The company’s compensation committee is asking shareholders to approve that total pay, as well as a projected $13 million in 2019 compensation in an advisory vote.
“During 2018, the Company conducted hundreds of calls and meetings with individual shareholders, and we received virtually no negative commentary from them concerning executive compensation,” the committee wrote in a filing. “Nevertheless, in 2019, we will establish a separate outreach program dedicated to compensation matters to ensure that we elicit and gather specific feedback that we can take into consideration as part of our shareholder engagement.”

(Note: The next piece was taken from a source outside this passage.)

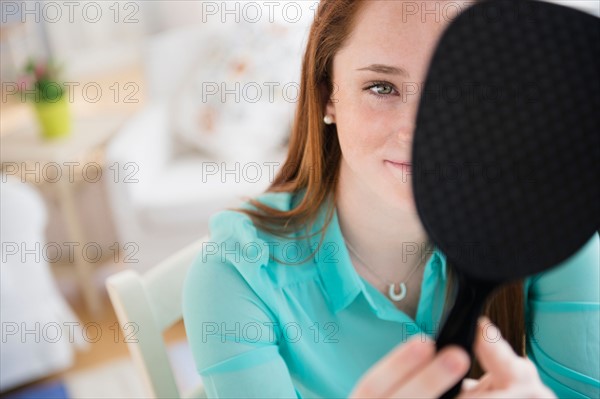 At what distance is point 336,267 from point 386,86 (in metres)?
0.24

The appointee of activist investor Carl Icahn — who started the job on May 14, 2018 — won praise from the company’s compensation committee for steering Xerox through a “turbulent” 2018 that included the ouster of the previous CEO as well as five board members, the scrapping of a deal with Fujifilm, as well as leading a reorganization of the company.

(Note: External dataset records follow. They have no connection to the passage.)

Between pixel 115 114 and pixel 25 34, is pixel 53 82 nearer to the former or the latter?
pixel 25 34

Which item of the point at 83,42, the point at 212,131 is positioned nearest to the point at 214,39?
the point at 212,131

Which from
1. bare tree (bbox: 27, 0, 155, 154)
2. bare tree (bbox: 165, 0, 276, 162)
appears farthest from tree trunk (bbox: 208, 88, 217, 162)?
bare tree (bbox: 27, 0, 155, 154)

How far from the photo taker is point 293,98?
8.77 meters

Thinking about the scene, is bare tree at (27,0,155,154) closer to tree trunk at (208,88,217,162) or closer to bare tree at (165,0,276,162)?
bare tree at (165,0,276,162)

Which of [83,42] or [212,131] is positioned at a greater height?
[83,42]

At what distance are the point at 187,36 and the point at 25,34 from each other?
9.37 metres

Visentin – who was a senior consultant at Icahn Enterprises until he was named CEO — was selected to lead Xerox by a board largely made up of members who owed their positions to Carl Icahn and Darwin Deason, two of the company’s majority shareholders.

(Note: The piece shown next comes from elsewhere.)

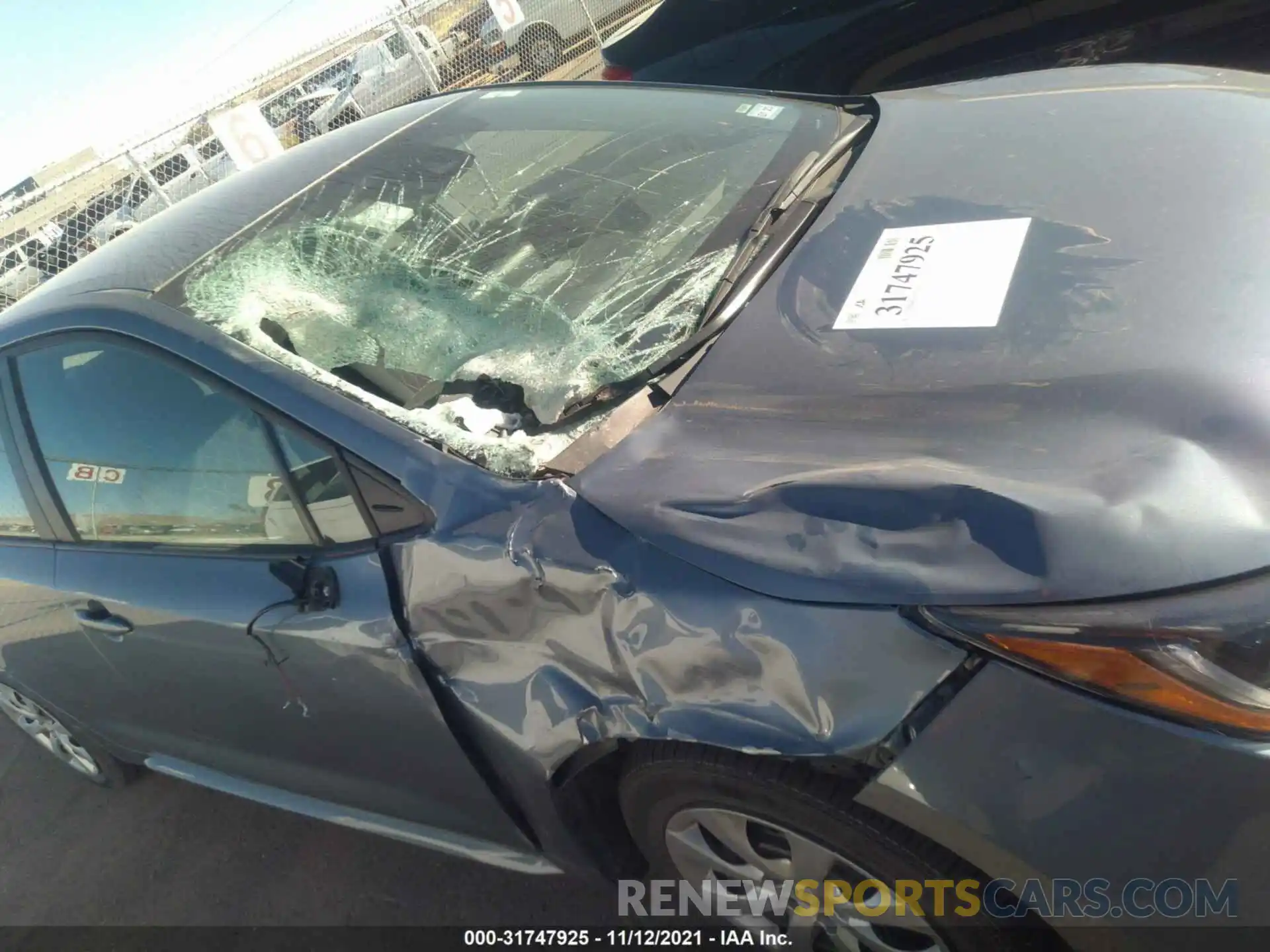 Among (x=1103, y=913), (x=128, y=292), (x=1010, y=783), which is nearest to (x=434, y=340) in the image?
(x=128, y=292)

Yet the compensation committee in its filing, said it still needed to woo Visentin in order to bring him on board, which included offering him a “significant one-time sign-on stock award” and “a modified single-trigger change in control agreement” good through May 2020.
“There was considerable speculation in the market about whether Xerox would continue to be an independent company,” the committee wrote. “Given that uncertainty, the Committee needed to make certain concessions to attract a CEO the Board believed was capable of stabilizing the business and engineering a turnaround.”
Visentin’s base salary was set at $756,522, with bonus and non-equity incentive awards of $3.3 million, a stock and option award of $19 million, and “other compensation” of $329,642, for a total pay package of $23.4 million. By comparison, it took ex-Xerox CEO Jeff Jacobson, three years – 2015, 2016, and 2017 – to make a total of $18.8 million.
The latest regulatory filing shows a different compensation payout than the company initially planned. In a May 14, 2018 letter to Visentin filed with the U.S. Securities and Exchange Commission, Xerox said he would receive $1.2 million base salary — almost half a million more than what he received — a maximum annual bonus of $2.4 million, a sign on bonus of $1.5 million, $10 million in stock as an initial equity award, and no less than an additional $10 million in stock as a long-term incentive.
Xerox did not respond for comment about the disparity by press time.
“Mr. Visentin’s ongoing compensation package was set at the approximate median of our competitive peer group, which we selected through methodical analysis and discussion,” the committee wrote. “We first developed a peer group list of companies that are similar to Xerox in term of industry, revenue and market capitalization. We compared against these companies to develop a range of market compensation, one of the key factors used to set compensation for our (named executive officers). Other factors included experience and performance over time. We believe that compensation packages for our NEOs are structured appropriately to the external market for their roles and that there is sufficient performance based pay to create a strong alignment with Xerox performance.”
The value of Xerox’s stock has increased since Visentin took over, with shares increasing nearly 7 percent over that time to $32.71 as of Thursday. But in its most recent Q1 earnings call, revenue was down 9.4 percent, off some $224 million, year over year. Sales were also down in Q4 by 7.8 percent, and down 4.2 percent for FY 18.